>>Henry Blodget (born 1966) is an American former equity research analyst, currently banned from the securities industry, who was senior Internet analyst for CIBC Oppenheimer during the dot-com bubble and the head of the global Internet research team at Merrill Lynch. Blodget is now the editor and CEO of The Business Insider, a business news and analysis site, and a host of Yahoo Daily Ticker, a finance show on Yahoo.
>>Blodget received a Bachelor of Arts degree from Yale University and began his career as a freelance journalist and was a proofreader for Harper's Magazine. In 1994, Blodget joined the corporate finance training program at Prudential Securities, and, two years later, moved to Oppenheimer & Co. in equity research. In October 1998, he predicted that Amazon.com's stock price would hit a pre-split price of $400 (which it did a month later, gaining 128%).
>>This call received significant media attention, and, two months later, he accepted a position at Merrill Lynch. In early 2000, days before the dot-com bubble burst, Blodget personally invested $700,000 in tech stocks, only to lose most of it in the years that followed. In 2001, he accepted a buyout offer from Merrill Lynch and left the firm.
>>In 2002, then New York State Attorney General Eliot Spitzer, published Merrill Lynch e-mails in which Blodget gave assessments about stocks which conflicted with what was publicly published. In 2003, he was charged with civil securities fraud by the U.S. Securities and Exchange Commission. He agreed to a permanent ban from the securities industry and paid a $2 million fine plus a $2 million disgorgement."

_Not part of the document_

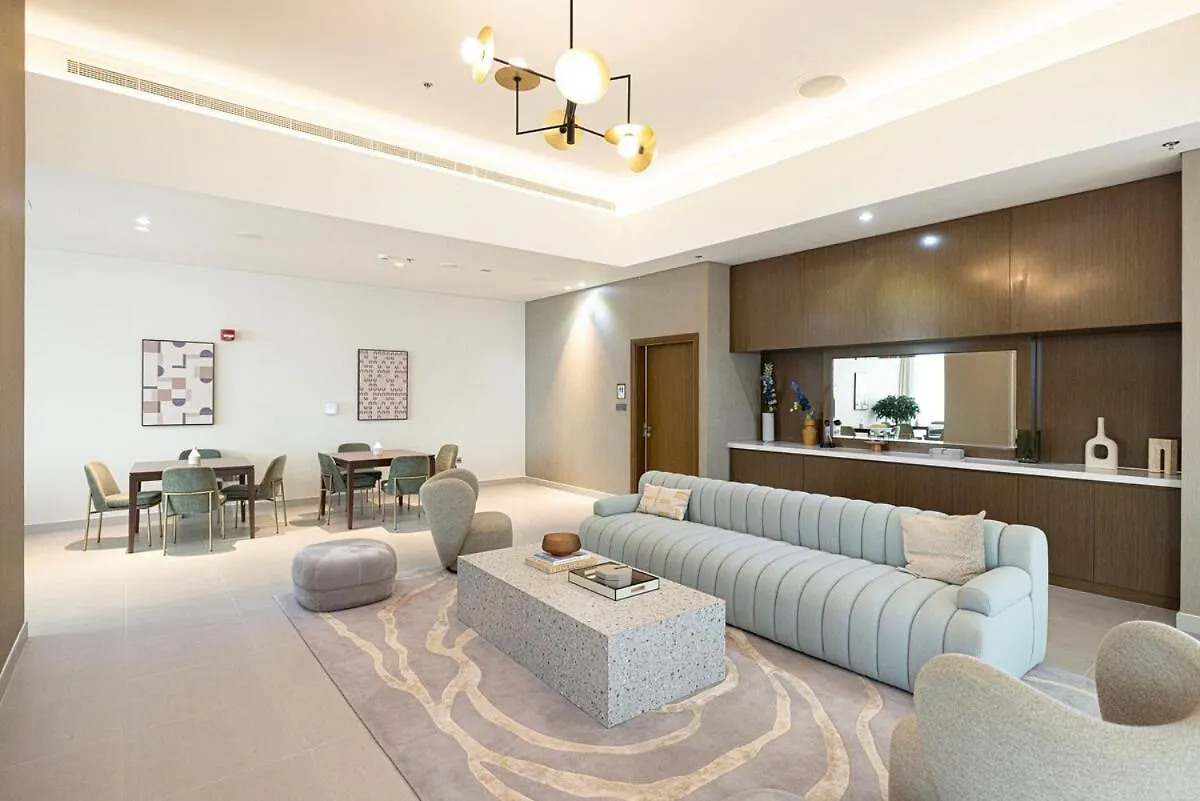 Downtown Dubai 4Br High-Floor Luxury That Sleeps 9 Appartamento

This is what made me spit out my drink at the top of page 2
But that crash was a product of investors’ and analysts’ overexuberance (sorry!),
not evidence of a fundamental flaw in the tech industry’s start-up ecosystem.
Woah that guy replied to one of my tweets a few weeks ago and I had no idea who he was. Apparently that was a pretty awesome tweet reply, was wondering why my followers went up.
You should read this guy's story. Read his settlement. You might observe that the companies he was reporting on were far more deceptive than he was. He was but a pawn in their game. You might even conclude he was more or less the fall guy for some of the fraudulent individuals running those companies, who, if I'm not mistaken are still active in the industry and probably still taking on investments. Or you might not. It's worth reading anyways, as we make our way through another bubble.
I would also question the rest of the analysis as well.